:: Problem statement ::
Copy out the data that comes next, character for character, and leave the images aside.

Top of Provided entries

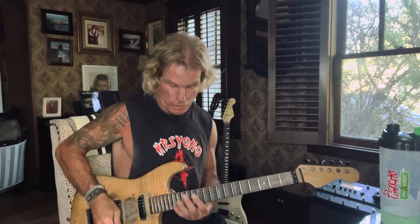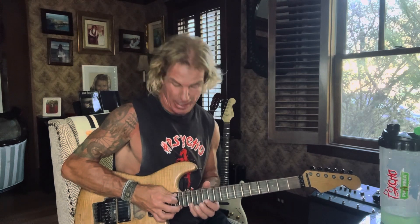Two-hand tapping pentatonic and mode scale. I'm going to use the E minor pentatonic pattern up here — I'm tuned down a half step by the way. We know that pentatonic scale. Now I'm tapping by adding in what would be where the second pattern would continue.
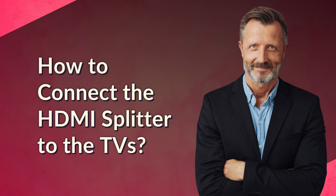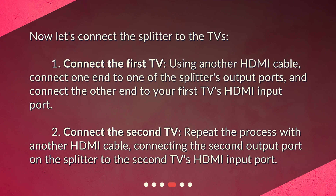How to connect the HDMI splitter to the TVs? Now let's connect the splitter to the TVs. One: connect the first TV — using another HDMI cable, connect one end to one of the splitter's output ports, and connect the other end to your first TV's HDMI input port. Two: connect the second TV — repeat the process with another HDMI cable, connecting the second output port on the splitter to the second TV's HDMI input port.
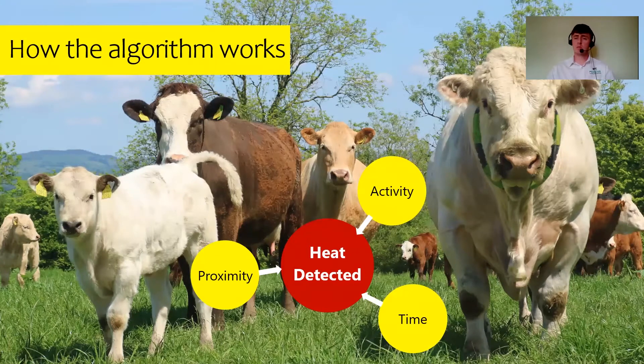So how does the Moocall heat system work? The algorithm is based on three core elements before indicating a heat is present. First is activity — the collar is worn by the bull and ear tags are worn by the cows, picking up activity around each tag based on the bull's movement. Second is a time threshold — the amount of time the bull spends with each cow compared to others in the field. Third is proximity — the distance between one specific tag and the collar compared to other tags in the field. Once all those measurements are calculated, we indicate that a heat has been detected for a specific cow.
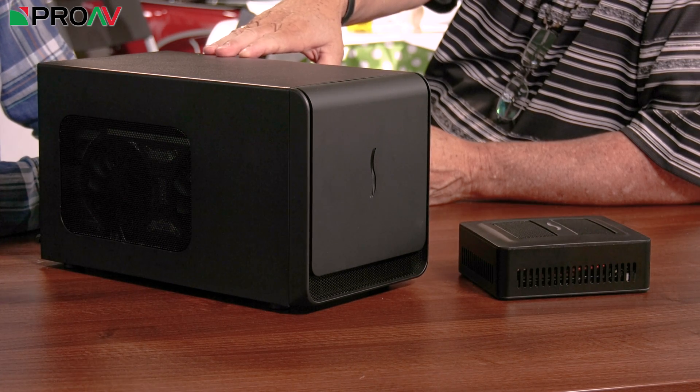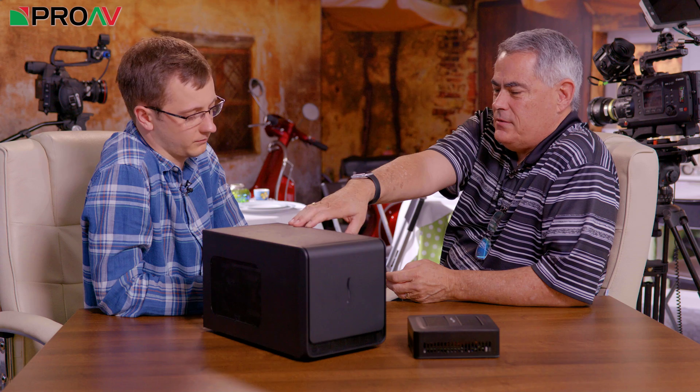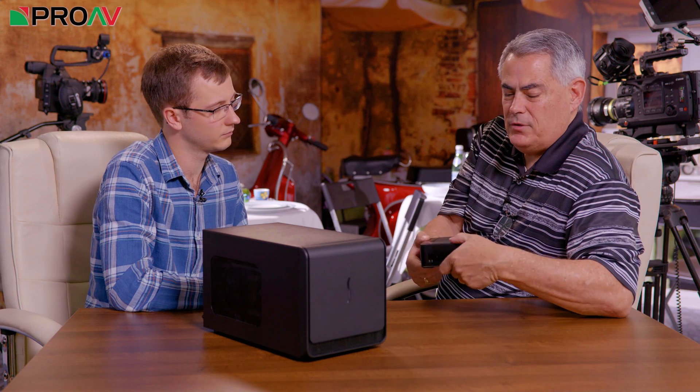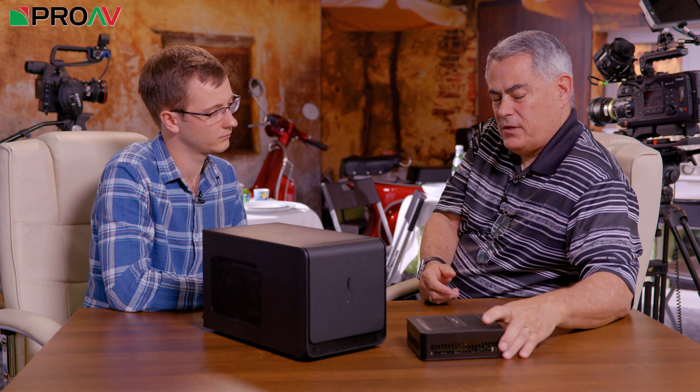These are external GPU expansion products. We call this the EGFX Breakaway Box 350, and we have another model that's 550 — 350 and 550 for the size of the power supply. This is the EGFX Breakaway Puck. It's got a GPU card built into it and has all the ports that a typical graphics card would have, plus a Thunderbolt port. So these are all connectable over Thunderbolt 3. This particular product has an AMD RX 580 GPU in it, and we have another model with an RX 560. It's particularly nice because it's so portable. The Breakaway Box is the bigger one with interchangeable cards, while the Puck is a small portable unit with one fixed card inside — a smaller package for simple plug and play.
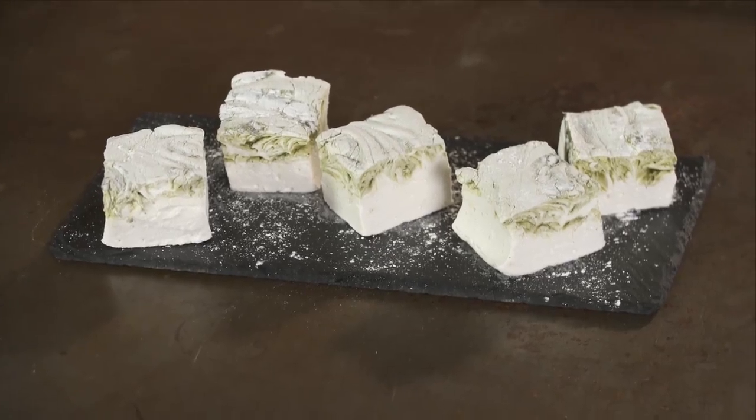Today I'm making homemade vanilla and matcha marshmallows. You won't believe how easy it is — I'll show you how.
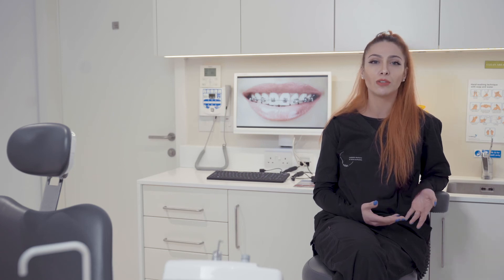In an adult it's less predictable, so some cases of crossbites might not be completely fixed with orthodontic treatment alone and they might need orthodontic surgery.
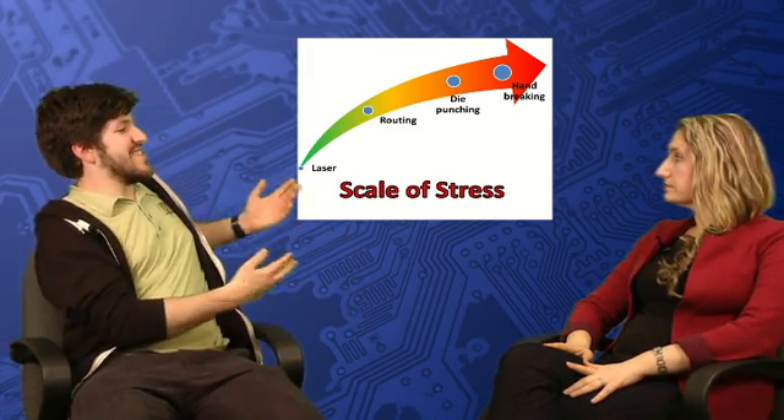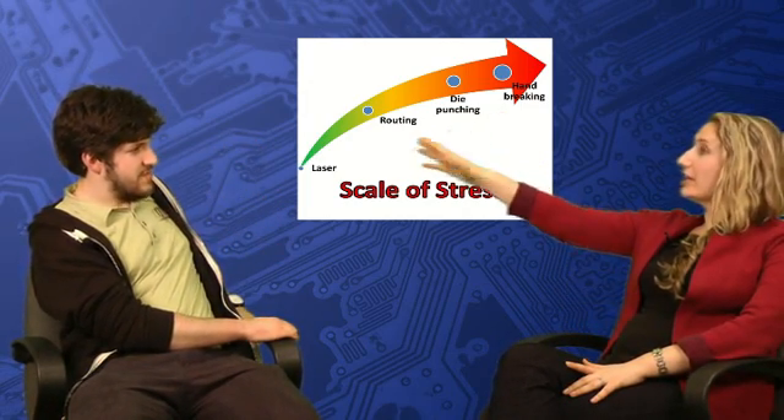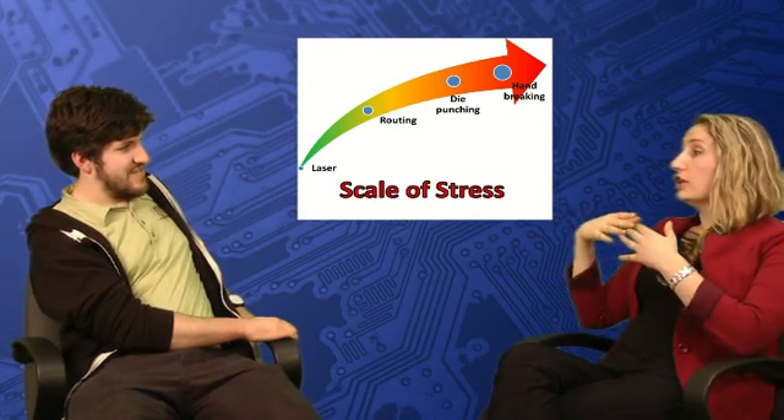Lasers are more widely used for depaneling today because they practically cause no mechanical stress on the board. You take your panel, place it on a table in the laser machine, and use a virtual tool — the laser beam — to go around and separate your parts from the panel. Because you're not physically touching the panel in any way, there is no stress induced on the board. On our theoretical scale of mechanical stress, mechanical stress has been essentially eliminated — we're on empty, in the beautiful green area. So if your goal is to find a depaneling method that eliminates mechanical stress completely, lasers are definitely the way to go.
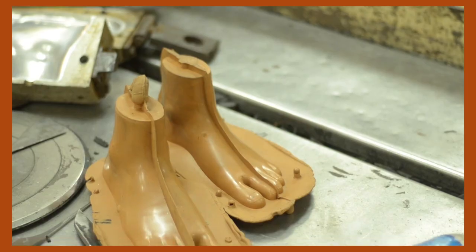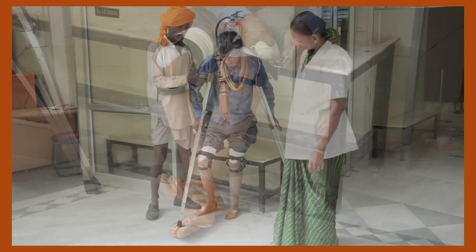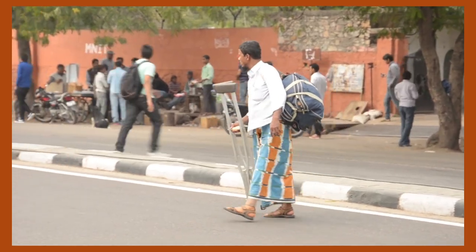Once the foot piece is ready, you have the whole pipe assembly ready. It is then fitted onto the human body and the person goes home with the leg. This whole process happens in a day because BMVSS has done all the planning — keeping all the parts ready, manpower ready — to handle large numbers of people and take the process forward.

Bottom of Provided entries

:: Exercise output ::
Two-hand tapping pentatonic and mode scale. I'm going to use the E minor pentatonic pattern up here — I'm tuned down a half step by the way. We know that pentatonic scale. Now I'm tapping by adding in what would be where the second pattern would continue.
How to connect the HDMI splitter to the TVs? Now let's connect the splitter to the TVs. One: connect the first TV — using another HDMI cable, connect one end to one of the splitter's output ports, and connect the other end to your first TV's HDMI input port. Two: connect the second TV — repeat the process with another HDMI cable, connecting the second output port on the splitter to the second TV's HDMI input port.
So how does the Moocall heat system work? The algorithm is based on three core elements before indicating a heat is present. First is activity — the collar is worn by the bull and ear tags are worn by the cows, picking up activity around each tag based on the bull's movement. Second is a time threshold — the amount of time the bull spends with each cow compared to others in the field. Third is proximity — the distance between one specific tag and the collar compared to other tags in the field. Once all those measurements are calculated, we indicate that a heat has been detected for a specific cow.
These are external GPU expansion products. We call this the EGFX Breakaway Box 350, and we have another model that's 550 — 350 and 550 for the size of the power supply. This is the EGFX Breakaway Puck. It's got a GPU card built into it and has all the ports that a typical graphics card would have, plus a Thunderbolt port. So these are all connectable over Thunderbolt 3. This particular product has an AMD RX 580 GPU in it, and we have another model with an RX 560. It's particularly nice because it's so portable. The Breakaway Box is the bigger one with interchangeable cards, while the Puck is a small portable unit with one fixed card inside — a smaller package for simple plug and play.
Today I'm making homemade vanilla and matcha marshmallows. You won't believe how easy it is — I'll show you how.
In an adult it's less predictable, so some cases of crossbites might not be completely fixed with orthodontic treatment alone and they might need orthodontic surgery.
Lasers are more widely used for depaneling today because they practically cause no mechanical stress on the board. You take your panel, place it on a table in the laser machine, and use a virtual tool — the laser beam — to go around and separate your parts from the panel. Because you're not physically touching the panel in any way, there is no stress induced on the board. On our theoretical scale of mechanical stress, mechanical stress has been essentially eliminated — we're on empty, in the beautiful green area. So if your goal is to find a depaneling method that eliminates mechanical stress completely, lasers are definitely the way to go.
Once the foot piece is ready, you have the whole pipe assembly ready. It is then fitted onto the human body and the person goes home with the leg. This whole process happens in a day because BMVSS has done all the planning — keeping all the parts ready, manpower ready — to handle large numbers of people and take the process forward.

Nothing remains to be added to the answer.